Thursday, 31 January 2013

Drinks you must try in Lisbon

This post could have easily been titled "Where to try Port wine in Lisbon". It does not mean there is no other drink worth trying out, but this way or another a visitor to the capital of Portugal will come across some Port sooner or later.

Although Port wine is produced in only one region of Portugal - the Douro Valley, it is very popular all over the country. Port wine is just one of many excellent Portuguese wines. There are many wine tasting opportunities in the city of Lisbon and I really advice you to try at least one. You don not need to be a wine connoisseur to like this. Usually things are explained according to the level of your knowledge of wine. I am convinced after the first one you will be ready for more.

As you probably already know port wine (also known as Vinho do Porto) is Portuguese fortified dessert wine. Although it is usually a red wine of sweet taste it also comes in dry, semi-dry, and white varieties. It has been produced since 18th century when long trips to England often resulted in spoiled wine. That is why fortification of the wine was introduced to improve the shipping and shelf-life of the wine.

We did a few wine tastings while in Lisbon and I can only say they were all great. I especially recommend a visit to two places mentioned below:

  • Wine Bar do castelo on your way to or from the castle. It is located in Alfama just outside castle walls on Rua Bartolomeu de Gusmão 11/13. We really liked the atmosphere of this place and also staff were super nice.
  • The other place I can also recommend is BA Wine Bar do Bairro Alto and you can find it at Rua da Rosa 107.
You can expect an average tasting to cost you around 20 euro or more. Some tapas are usually included, but you can expect to pay extra if you choose to try some exquisite cheeses or something similar.

Since wine prices may vary greatly, you should always agree about the tasting process, your preferences and price ranges in advance.
Of a few different approaches we tried I preferred the following approach to tasting: every one of us (we were a group of seven) got to taste one small sample of four different whites, four reds and three ports. After each round every one of us chose a glass of wine he preferred. We payed only for those three full glasses per person.

We were especially impressed by those ports we got to try - none of us has ever tried a port wine before.
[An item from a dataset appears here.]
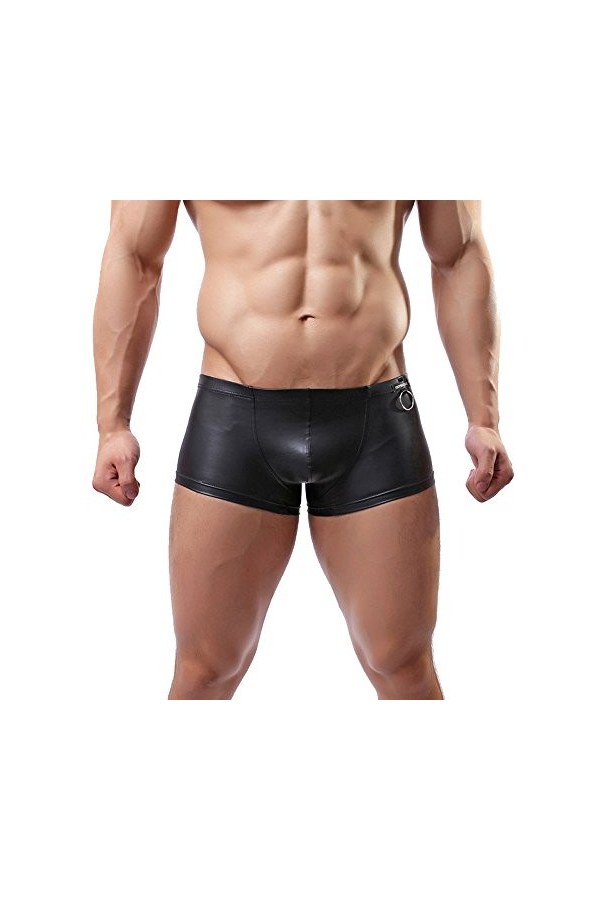 YFD +Homme Slip String Lingerie Noir Cutout Slips Briefs Boxer Shorts sous-vêtements XL, 3-Stück Boxers 2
I guess it is pointless to emphasize the older (and more expensive) they were - the more we liked them. There is a distinct difference between different types of port wines. White, Ruby, Tawny and Vintage are the kinds we managed to try. I liked Tawny Port the most, but all of them were good.
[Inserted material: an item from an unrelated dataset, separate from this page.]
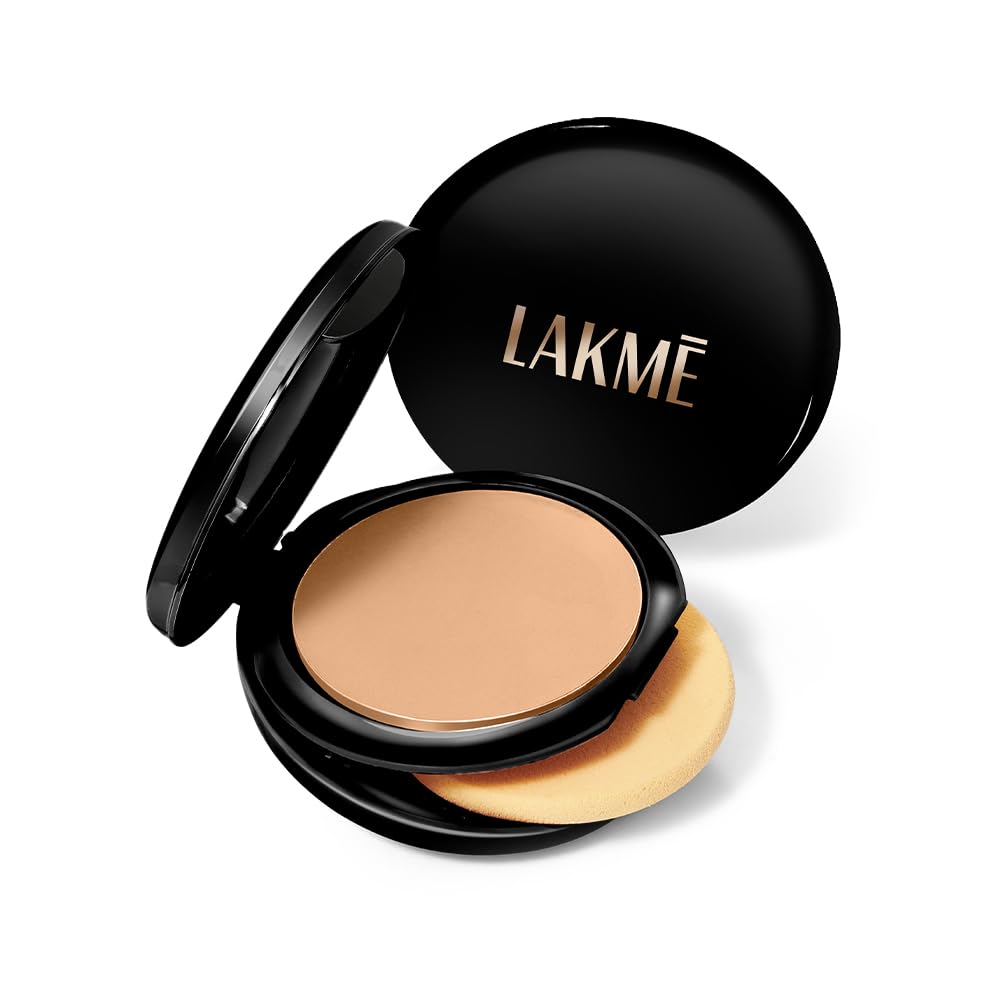Lakmé Absolute White Wet & Dry Compact Powder, Golden Medium 03, Spf 25, Long Lasting Face Makeup For A Natural Glow -Foundation Powder For Women, 9 G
We were even treated with something special at the end of one of those tastings (at the second place mentioned above). The owner gave us something really special to try - something we would never have ordered, considering the budget we were on. It was a taste of a 1880 Vintage Port. It definitely tasted great, but considering the price of it I think I could not appreciate it nearly enough.

In my lay opinion the differences among up to a 20 year old Tawny Ports are very noticeable. From there on you can expect a substantial price leap and in my opinion you have to be a bit of an expert to appreciate it enough to justify a purchase.
I recommend you buy at least a bottle for your home collection since good quality port wine is hard to get and more expensive to buy back home. Just make sure you secure the bottle properly for the way home.
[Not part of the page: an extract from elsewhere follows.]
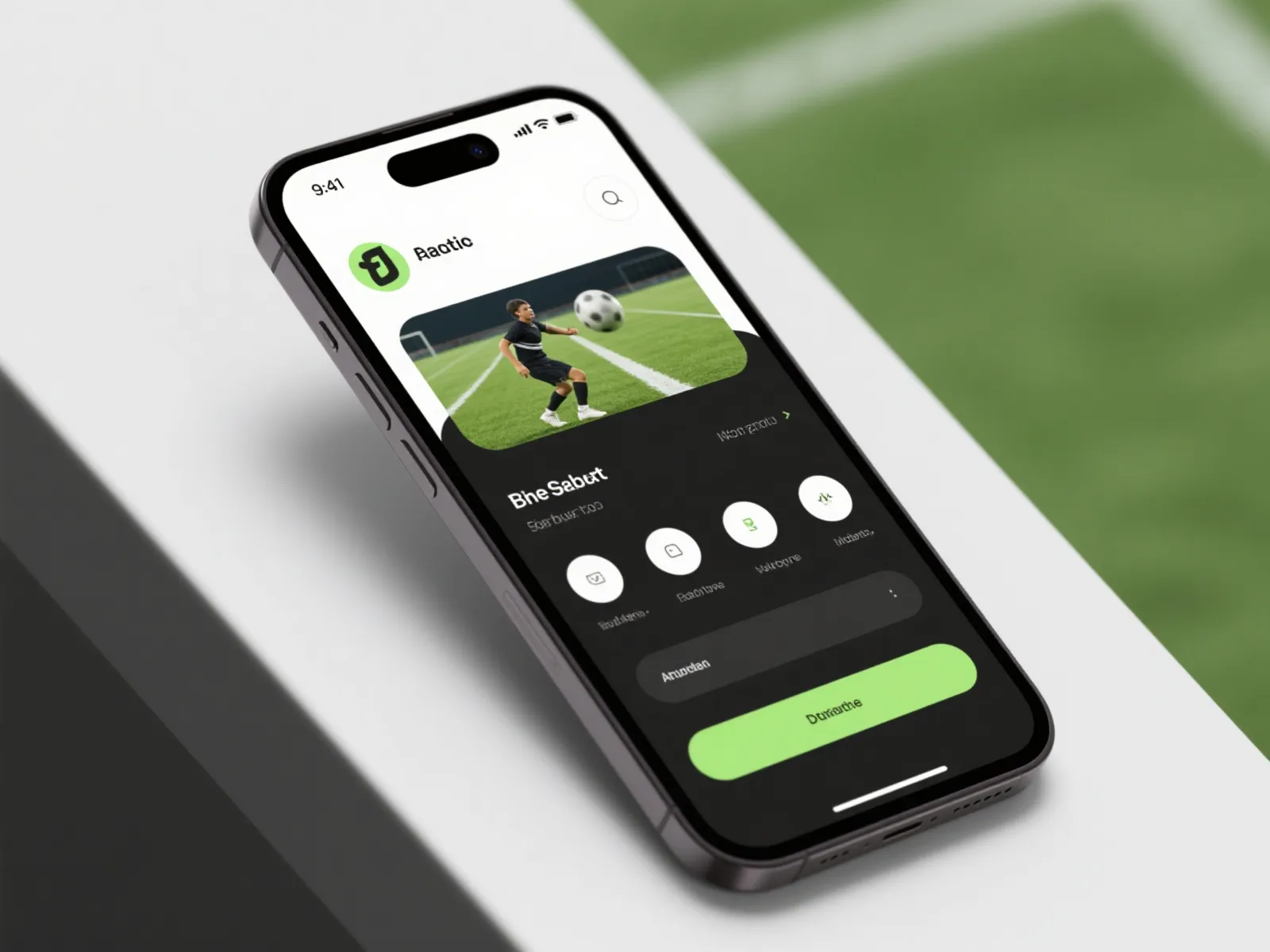 乐竞体育App界面示意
There are also other drinks you should not miss when in Lisbon. One of them is Ginja. There is a small bar in Baixa district on Largo de São Domingos 8 (near Rossio station at Praça de São Domingos) offering this famous Portuguese sour cherry liquor. At Cafe ‘A Ginjinha’ there is a 150 year old tradition of serving this specialty liquor. Although you might not like it you should at least give it a try.
You can settle for a shot or get yourself a whole bottle for around 7 euro.


Monday, 28 January 2013

Where to eat in Lisbon?

One can choose Lisbon as a travel destination for different reasons. One of them can most definitely be to enjoy great food and wine.

In my experience various seafood is the most popular local choice and a visitor can easily find a huge diversity of fish and shellfish dishes. Lots of them also with a pinch of exotic flavor - the history of Portugal as a colonial superpower definitely reflects today in a great variety of food. A vast array of spices used in the modern Portuguese cuisine is definitely a consequence of that and a long history of spice trade.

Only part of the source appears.